An accessible contribution to what the author calls “genetic literacy” and a satisfyingly hard-edged work of popular science.
by Steven J. Heine ‧ RELEASE DATE: April 18, 2017
Does the human genome include a thread for the likelihood of falling for hype? If it does, then it would be fine vindication for this sharp book on the limitations of genetics in understanding what makes us tick.
What makes people tall? What makes people smart? What makes some people more likely to develop breast cancer than others? The common shorthand these days would be to lay blame or responsibility, depending on the matter at hand, on one’s genetic makeup.

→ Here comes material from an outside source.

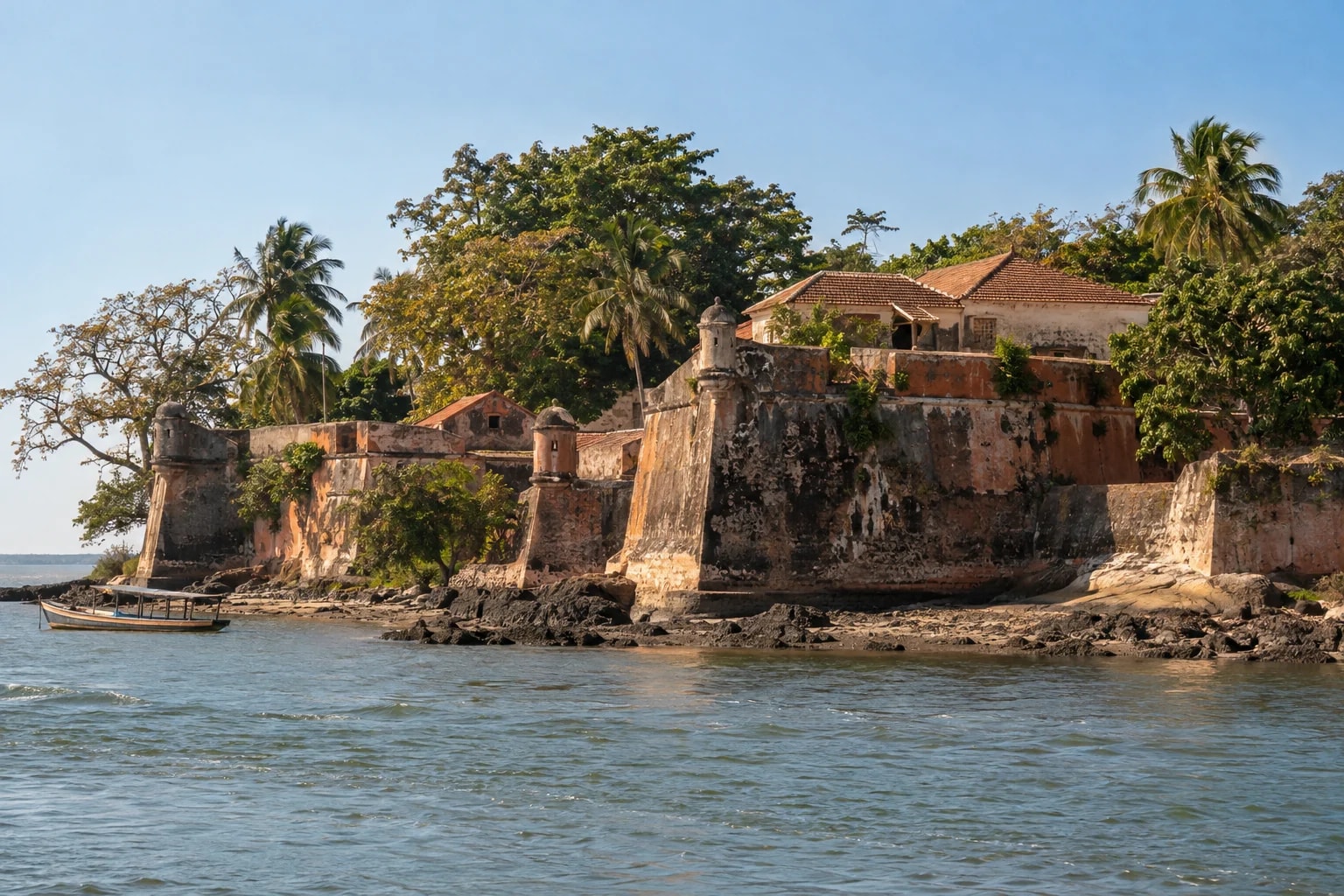 Cacheu – Guinea-Bissau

However, as Heine (Social and Cultural Psychology/Univ. of British Columbia; Cultural Psychology, 2007) writes, that’s a two-edged sword of an answer, for while understanding genetic issues has led to some moments of détente in the culture wars—e.g., acceptance of homosexuality as an expression of biology—it is also not necessarily complete. For instance, he argues, genetics itself cannot fully explain why people grow taller when their diets improve or why people raised by affluent adopted parents score higher on IQ tests than their less affluent peers. Such issues can be thorny, and to his credit, Heine does not shy away from them even as he takes on the popularity of consumer-level genomics to predict the propensity for disease, which he reckons to be about as accurate as “the fortune-teller down the street, and at least she isn’t claiming any scientific foundation to her predictions.” The author is generally affable, but he also is impatient with pseudo-science; he writes, for instance, that the more people actually know of genetics the less likely they are to be worried about genetically modified food, while terms such as the “breast cancer gene” or the “height gene” are worse than misnomers, since many more genes than one are implicated. To increase a baby’s height, by Heine’s reckoning, you would need to effect “almost 300,000 genetic alterations to the embryo, and you would still only be halfway there.”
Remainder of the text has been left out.